No USP? No problem

by Tom Albrighton 9 October 2009 Branding

A USP, or Unique Selling Point, is a unique attribute of a product, service or company that customers cannot get from any other source. By focusing on USPs, the received wisdom goes, firms can differentiate themselves from competitors and resist ‘commoditisation’, where competing products are effectively equal and customers buy primarily on price. Sugar and oil are commodities; MP3 players are not.

Most markets feature products and providers that are, to some extent, interchangeable: not completely commoditised, but not completely unique either. Each product or provider probably has some unique attribute, but it’s just one of many factors affecting buyers’ choices, along with price, quality, convenience, switching costs and so on.

If uniqueness isn’t the be all and end all for your product or firm, it follows that relying on USPs exclusively doesn’t always make for good copywriting, or good marketing. ‘Unique’ doesn’t necessarily equal ‘good’. In order to sell, your USP needs to meet all three of these criteria:

  • Does it translate into a benefit for the customer?
  • Is it clear – easy to communicate and understand?
  • It is compelling – that is, does it have the power to motivate a switch from a rival product?

The sorts of attributes that might constitute strong USPs are:

  • The only product to offer a particular function or benefit (patented devices, secret recipes, proprietary solutions)
  • The only supplier to offer a particular range of services or set of skills under one roof (the ‘one stop shop’ argument)
  • The only product, service or company of a certain type in a particular location
  • The leading or largest company of its type, perhaps in a particular location
  • The cheapest product or service of a particular type (but use with great caution: if price isn’t compelling, it won’t work as a USP – plus if you’re undercut, your USP goes down the pan).
Your product may not be unique, but it can still appeal to customers

Your product may not be unique, but it can still appeal to customers

The recipe for Coca-Cola is a good example of a USP. If you want the taste of Coke, you have to buy Coke. That’s a unique benefit, and one that’s easy to communicate (‘Coke is it’, ‘The real thing’, etc) and compelling for customers. However, there are many ‘generic’ colas that people also like and buy.

Similarly, UK entrepreneur Clive Sinclair understood in the late 1970s that home computers would not become truly popular until they were available at the right price point. By designing a machine (the ZX80) that could retail for under £100, he gave his product an unbeatable USP.

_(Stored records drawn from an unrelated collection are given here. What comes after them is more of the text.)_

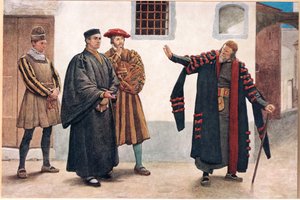 „Powiedz mi nie litości, strażniku, patrz na niego”, ilustracja z „Kupca weneckiego”, ok. 1910 autorstwa James Dromgole Linton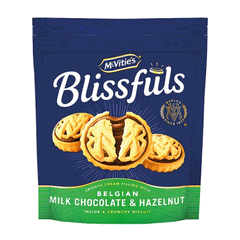 Mcvities Blissfuls Belgian Milk Chocolate & Hazelnut Biscuit 172g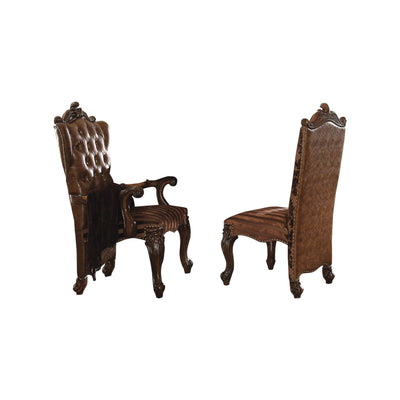 Faux Leather Upholstered Wooden Side Chair with Scrolled Carvings, Brown, Set of 2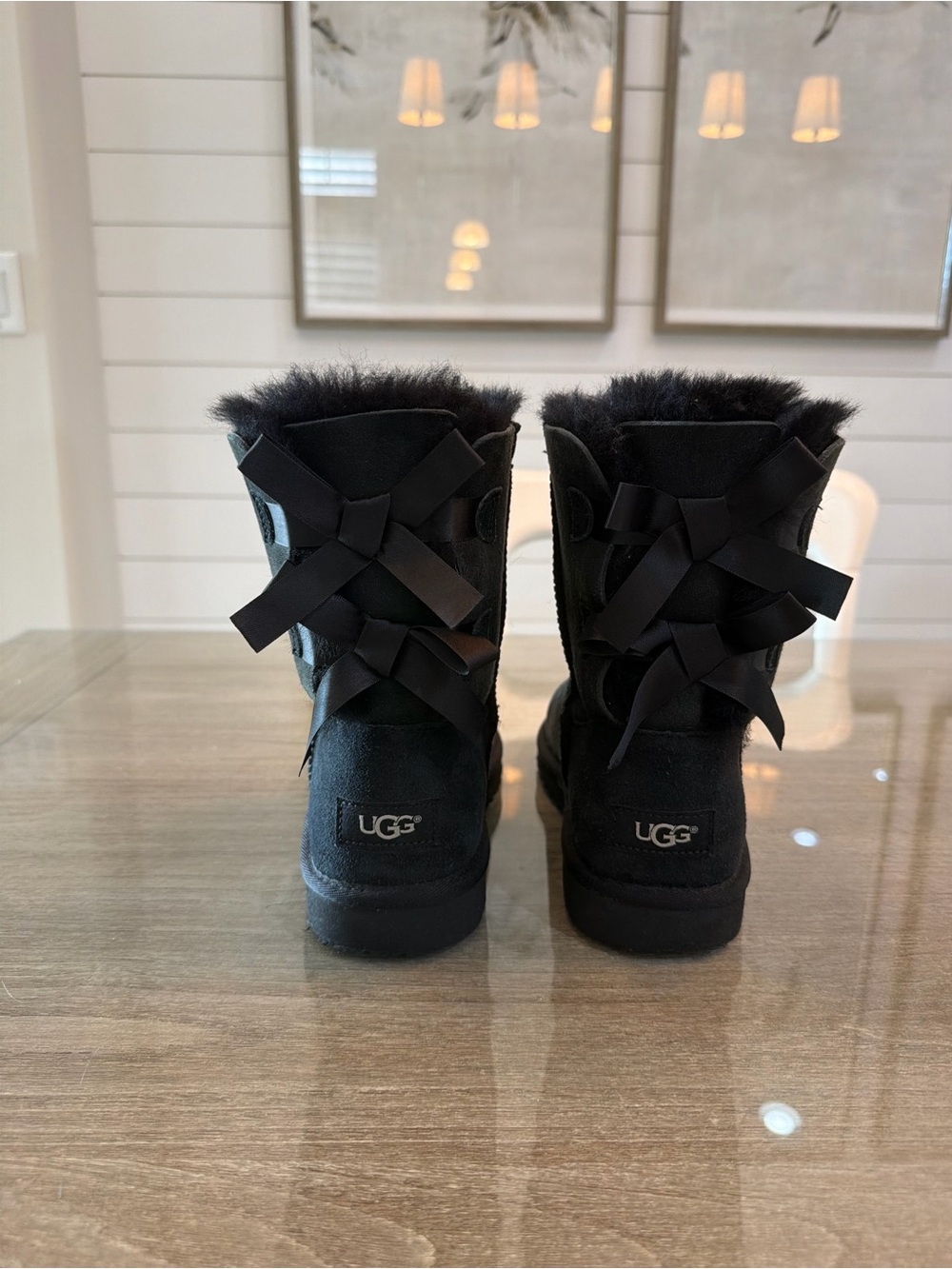 UGG Black Bailey Bow short boots
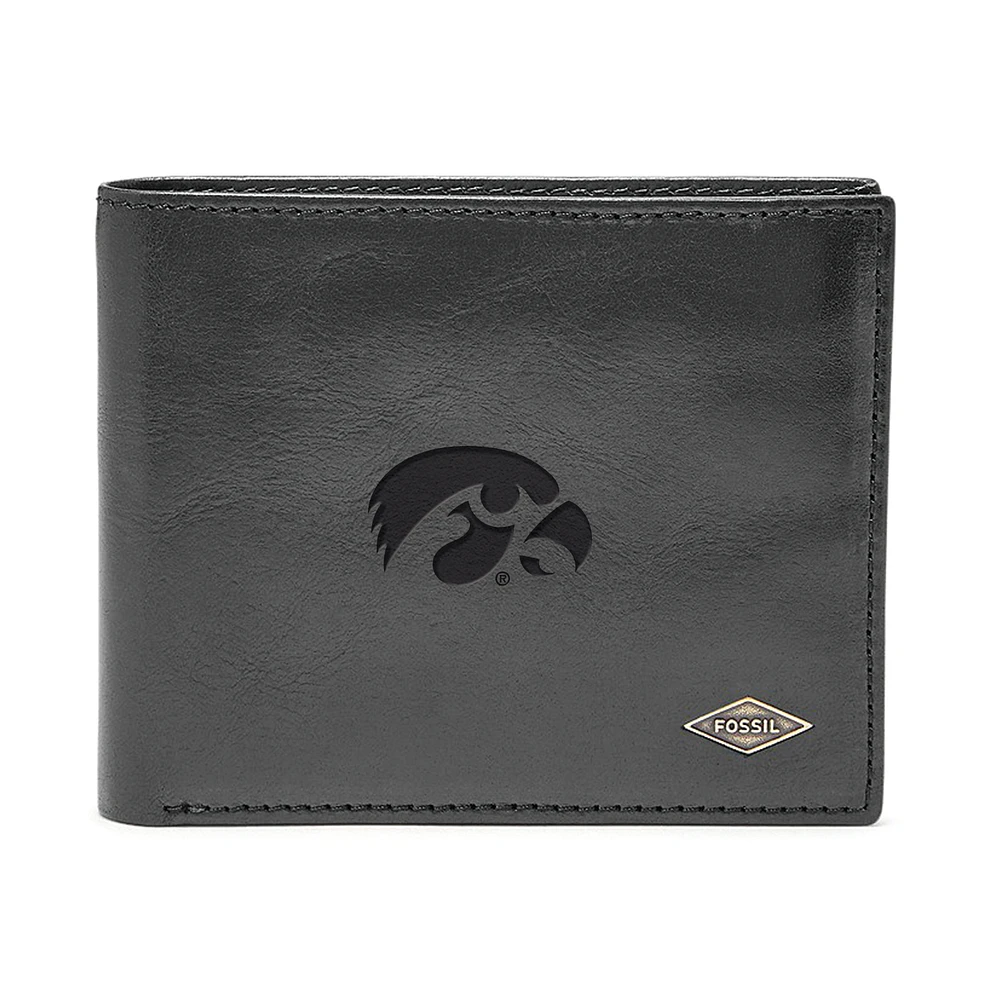 Men's Fossil Black Iowa Hawkeyes Ryan RFID Flip ID Bi-Fold Wallet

Very few firms have a ‘killer’ USP that can drive their whole marketing effort. But that doesn’t stop them using the USPs they do have, however ill-advisedly. I once worked for a firm that was over 200 years old. This point was much trumpeted in marketing and PR, since it positioned the company as an important part of local history – which, of course, it was. But although being long established is easy to communicate, it offers very little benefit to customers and therefore no reason to switch.

Other companies bend over backwards to achieve a USP just for the sake of it, setting up tiny ponds in which they can be the biggest fish. Don’t fall into this trap. If you have to scratch around for your USP, it’s unlikely to be effective. For example, I could position myself (I think) as ‘the only copywriter in Norwich with both publishing and agency experience’, but my clients couldn’t care less about that. ‘Experience, professional, reliable’ is clearer, more compelling and offers more benefit, even though it’s pretty generic and far from unique.

So what should you do if you haven’t got a strong USP? It comes back to the three points above:

  • Communicate benefits. Work out (or ask!) what customers really value about what you do, and build your marketing around that. Don’t worry if it’s not unique – very few companies have a genuinely unique offer.
  • Make it clear. Just clearly and simply convey the value you offer. So much marketing falls at the first fence by trying too hard to be unique – or different, clever, quirky, whatever – and neglecting the audience in the process. Why not stand out with some straight-talking copy, strong branding and elegant design?
  • Compel the audience. Give people a reason to switch to you with a special offer, fixed-price package, free consultation or some other variation on the standard offering in your market. 

Not being unique isn’t necessarily a barrier to success, but failing to connect with your audience certainly is.